Nortel Networks Inc., the telecommunications company being liquidated in bankruptcy, won court permission to hire a mediator to try to resolve a dispute over how to wind down its pension plan.
U.S. Bankruptcy Judge Kevin Gross in Wilmington, Delaware, approved a 60-day mediation period, during which Nortel, once the largest telephone equipment maker in North America, must negotiate with two committees representing retirees and workers who receive disability payments.
Last month, Gross ordered Nortel into mediation with its European units in a larger battle over how to split more than $7 billion the U.S. and Canadian units have collected by selling assets, including 6,000 patents to a group led by Apple Inc. and Microsoft Corp.
The dispute over pension and disability payments will probably be much easier to resolve and shouldn’t interfere with the mediation between the European and U.S. units, said Albert Togut, the lawyer for the committee of Nortel retirees.
“The likelihood is that this is going to be done before the ‘Queen Mother’ of all mediations,” Togut said in court.
Nortel has spent about $20 million on retiree benefits in the past two years, company bankruptcy attorney James Bromley told Gross.

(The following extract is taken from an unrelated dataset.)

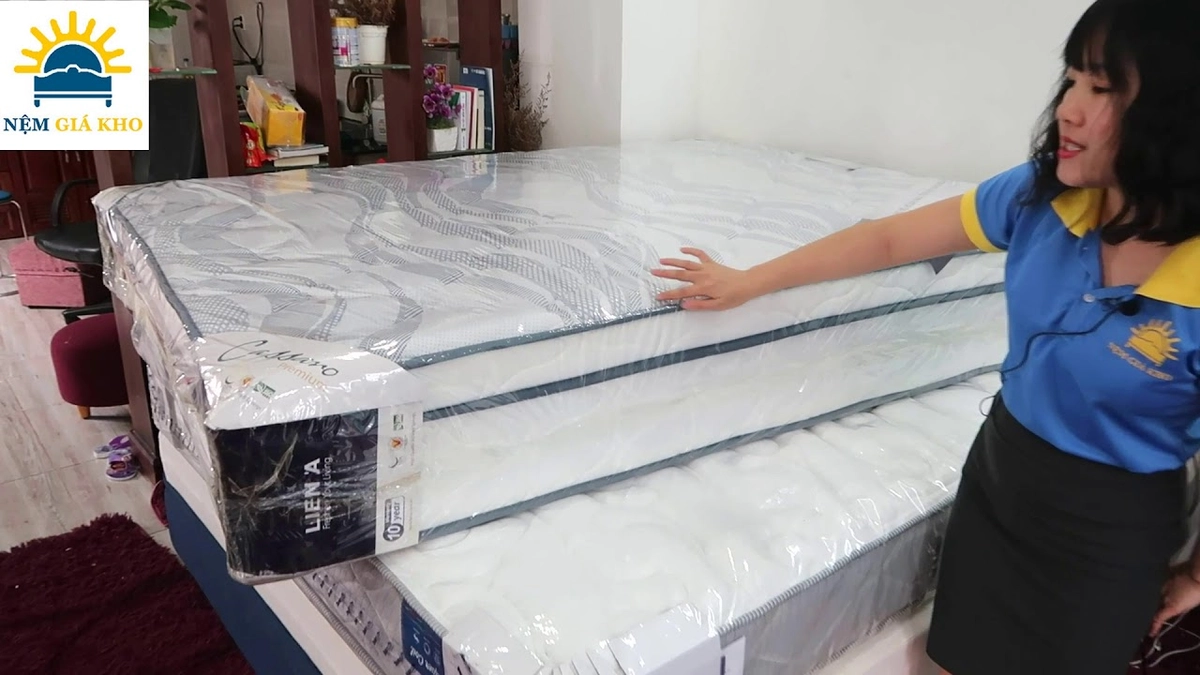 trưng bày nệm Dunlopillo Liên Á Kymdan cỡ 1m8 x 2m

The company will eventually need to cancel the pension plan and the program under which disability payments are made to former employees, Lisa G. Beckerman, an attorney for a committee of unsecured creditors, told Gross.
“We are going to have the termination of these plans because at some point there won’t be a company,” she said.
Since filing for bankruptcy in 2009, Nortel, based in Mississauga, Ontario, has sold all of its major businesses and is preparing a plan to divide the proceeds among creditors.
The case is Nortel Networks Inc., 09-10138, U.S. Bankruptcy Court, District of Delaware (Wilmington).